AVAILABLE RECORDS:
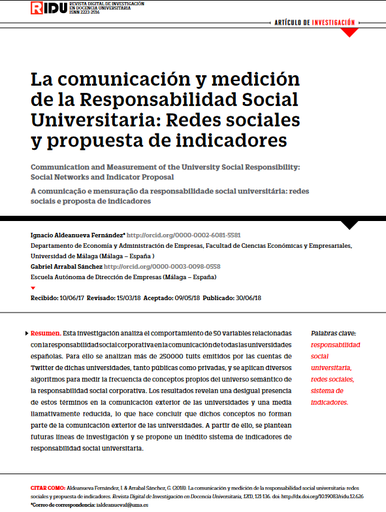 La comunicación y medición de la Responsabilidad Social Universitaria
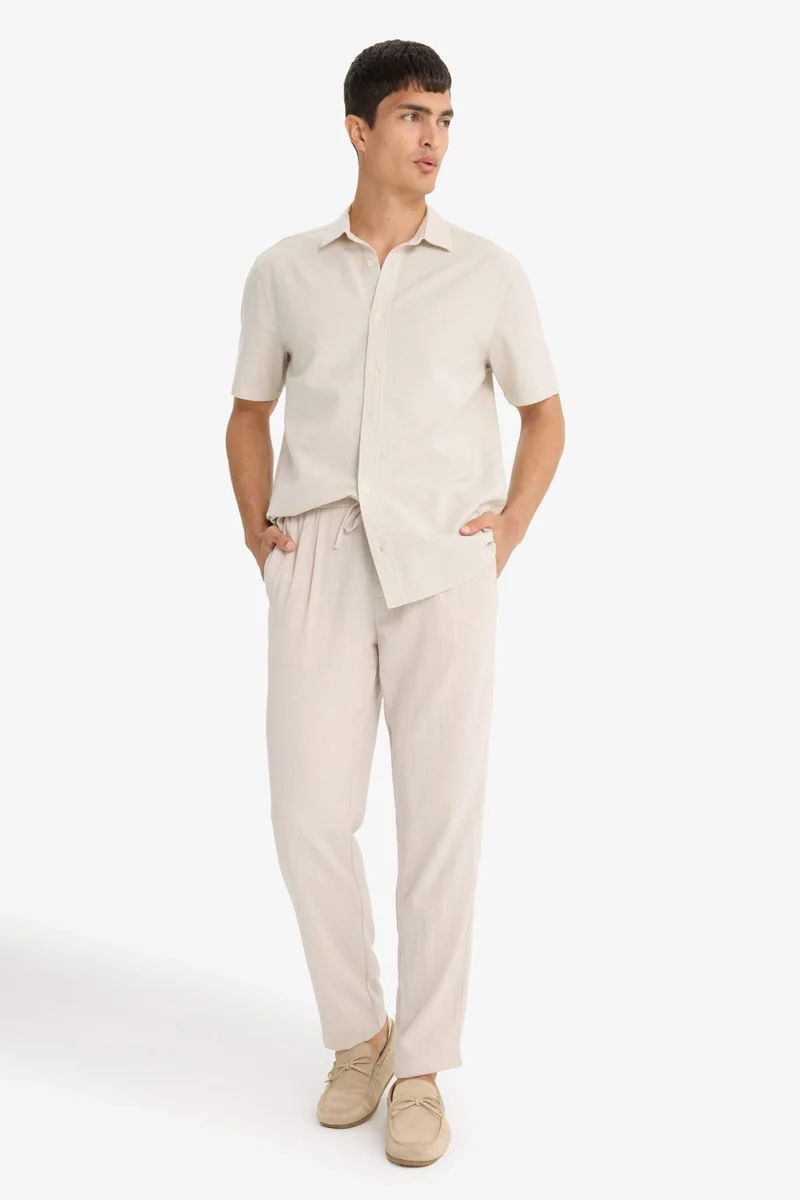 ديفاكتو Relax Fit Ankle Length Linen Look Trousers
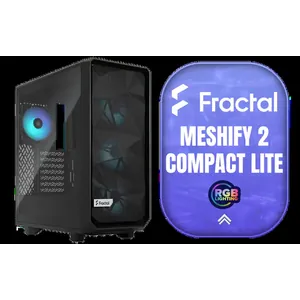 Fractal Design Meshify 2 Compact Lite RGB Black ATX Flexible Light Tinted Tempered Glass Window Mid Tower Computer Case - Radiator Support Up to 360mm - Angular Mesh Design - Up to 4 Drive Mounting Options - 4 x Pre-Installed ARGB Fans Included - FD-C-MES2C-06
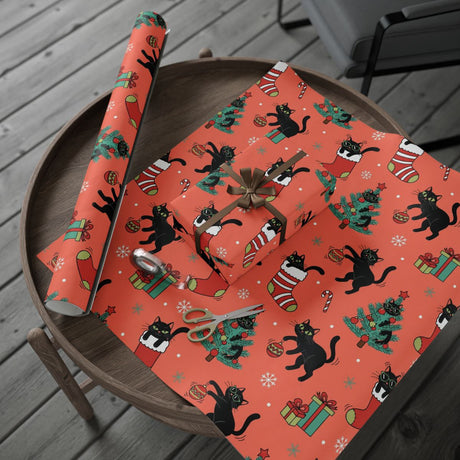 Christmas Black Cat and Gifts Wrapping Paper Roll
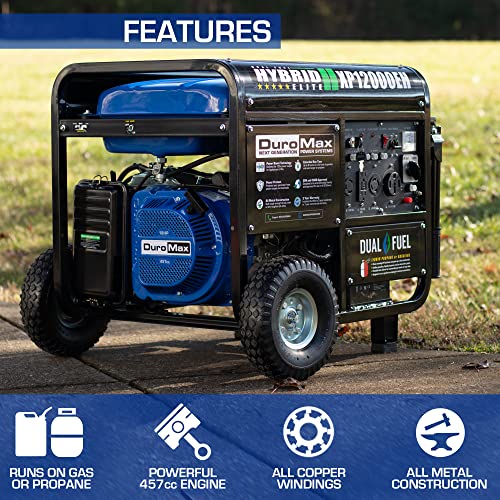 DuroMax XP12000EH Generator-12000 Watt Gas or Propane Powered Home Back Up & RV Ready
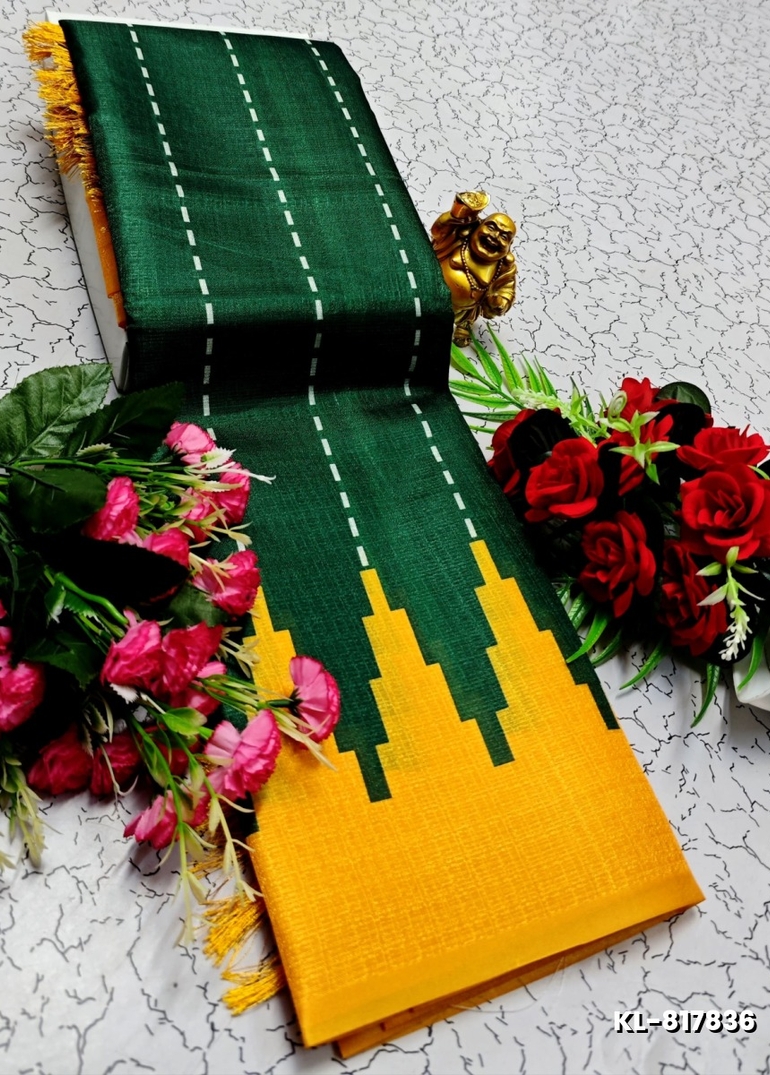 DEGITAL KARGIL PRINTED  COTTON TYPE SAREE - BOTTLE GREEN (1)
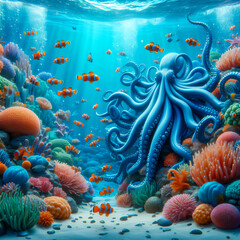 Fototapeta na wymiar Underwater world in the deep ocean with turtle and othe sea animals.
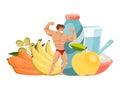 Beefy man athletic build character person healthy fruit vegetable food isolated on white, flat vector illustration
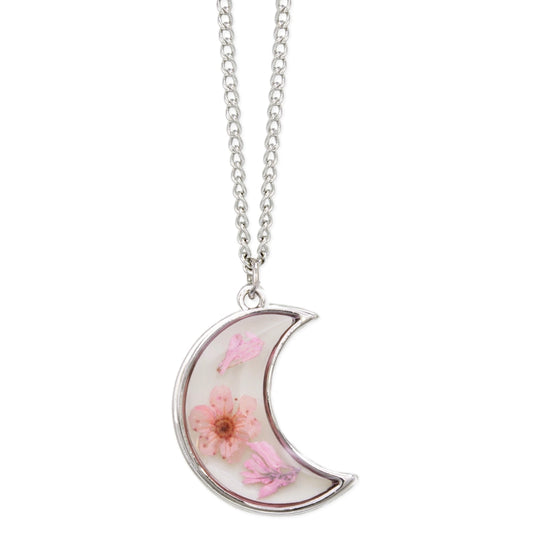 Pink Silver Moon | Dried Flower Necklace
...
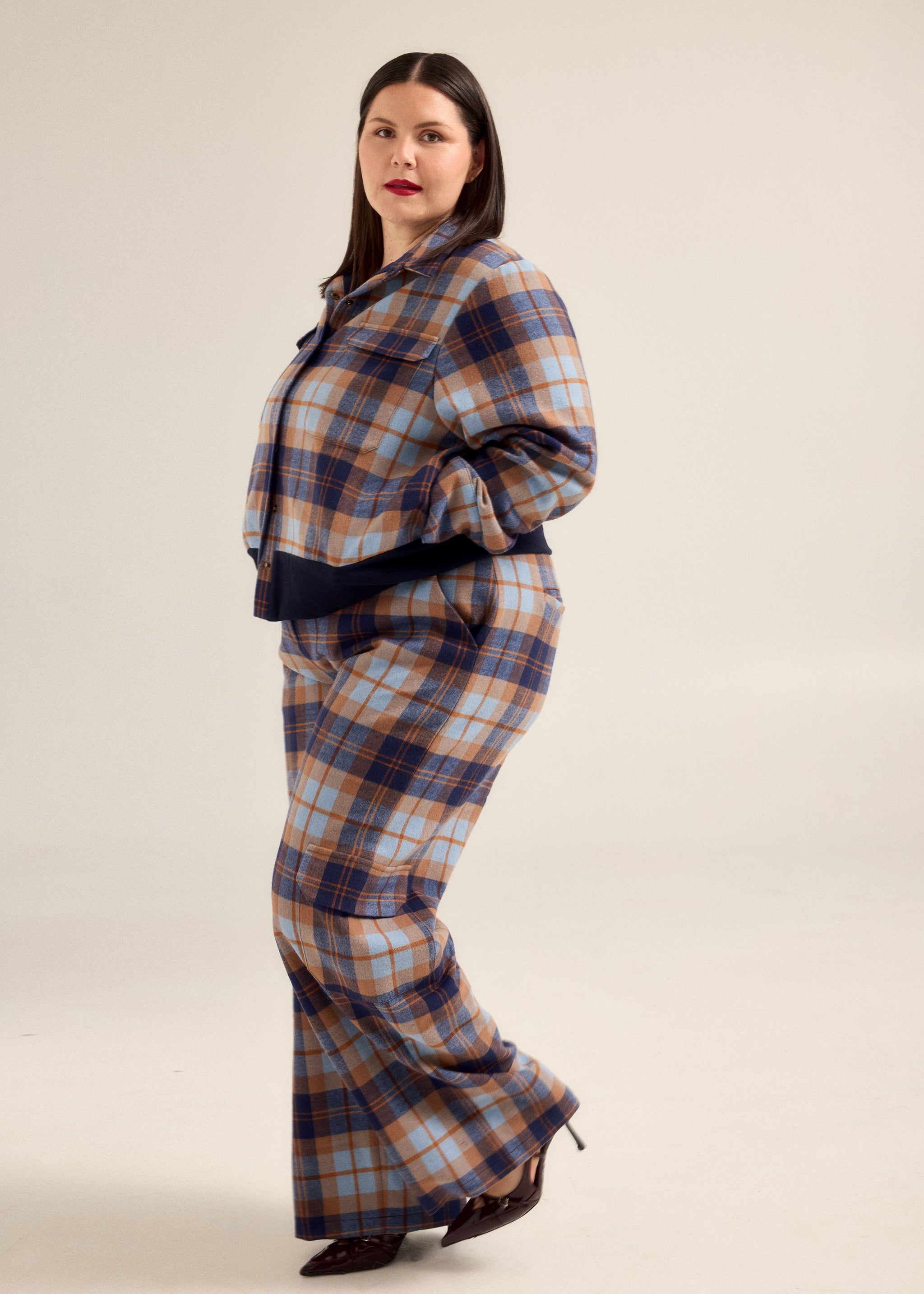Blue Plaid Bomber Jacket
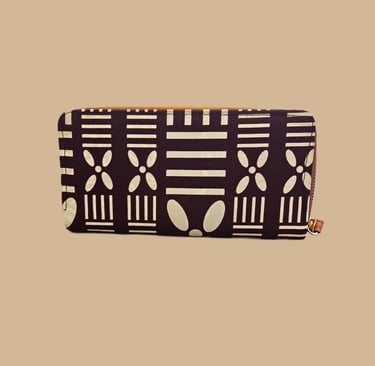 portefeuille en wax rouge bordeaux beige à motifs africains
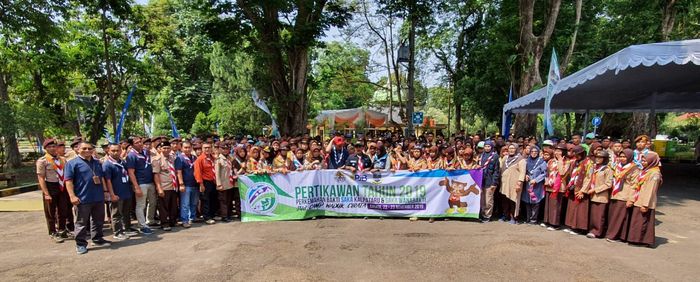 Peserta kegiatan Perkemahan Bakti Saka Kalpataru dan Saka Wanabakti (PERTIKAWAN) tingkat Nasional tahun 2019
...
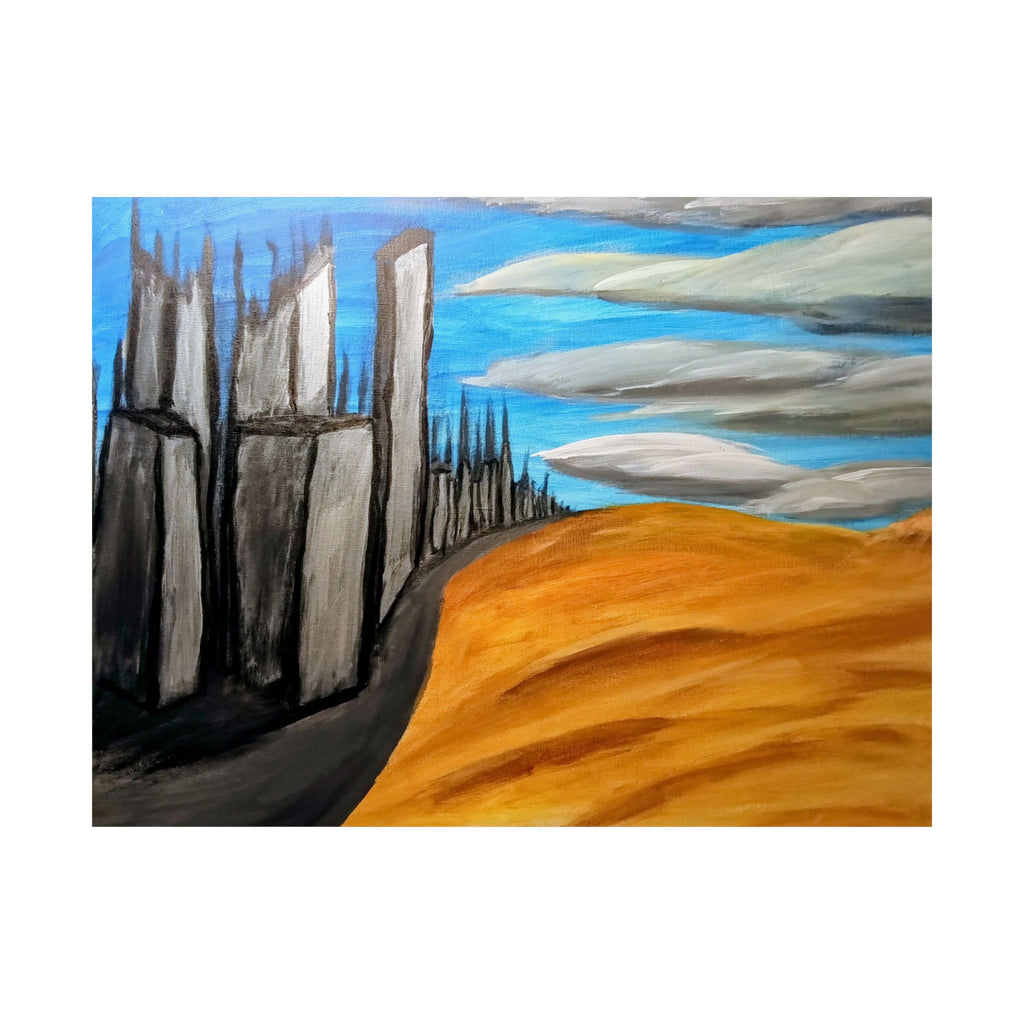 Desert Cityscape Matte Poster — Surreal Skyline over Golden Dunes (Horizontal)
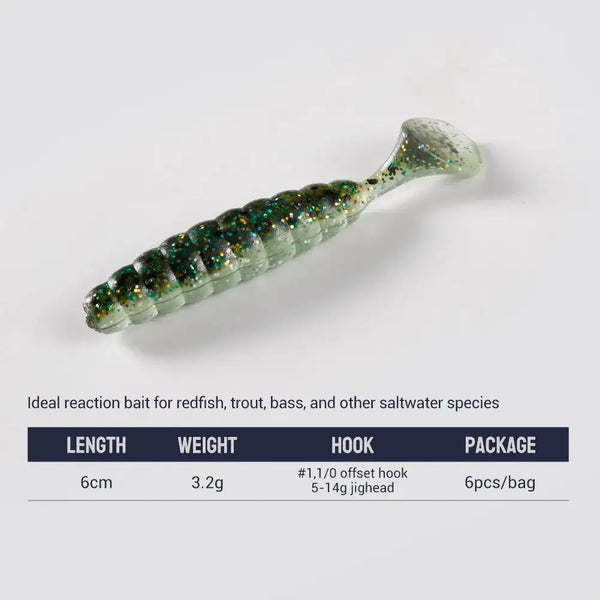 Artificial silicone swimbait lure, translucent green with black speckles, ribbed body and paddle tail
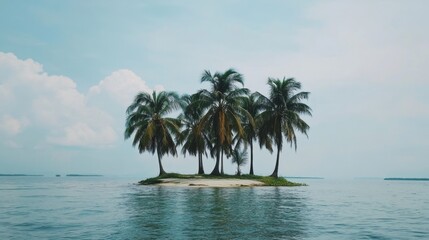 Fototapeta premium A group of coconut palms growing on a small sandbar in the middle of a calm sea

TRY IT: Given the listing above, repeat exactly the lines starting at the one with "ديفاكتو Relax Fit" and ending at the one with "Pink Silver Moon | Dried Flower Necklace", inclusive, excluding pictures.

RESULT OF THIS TASK:
 ديفاكتو Relax Fit Ankle Length Linen Look Trousers
 Fractal Design Meshify 2 Compact Lite RGB Black ATX Flexible Light Tinted Tempered Glass Window Mid Tower Computer Case - Radiator Support Up to 360mm - Angular Mesh Design - Up to 4 Drive Mounting Options - 4 x Pre-Installed ARGB Fans Included - FD-C-MES2C-06
 Christmas Black Cat and Gifts Wrapping Paper Roll
 DuroMax XP12000EH Generator-12000 Watt Gas or Propane Powered Home Back Up & RV Ready
 DEGITAL KARGIL PRINTED  COTTON TYPE SAREE - BOTTLE GREEN (1)
 Fototapeta na wymiar Underwater world in the deep ocean with turtle and othe sea animals.
 Beefy man athletic build character person healthy fruit vegetable food isolated on white, flat vector illustration
 Pink Silver Moon | Dried Flower Necklace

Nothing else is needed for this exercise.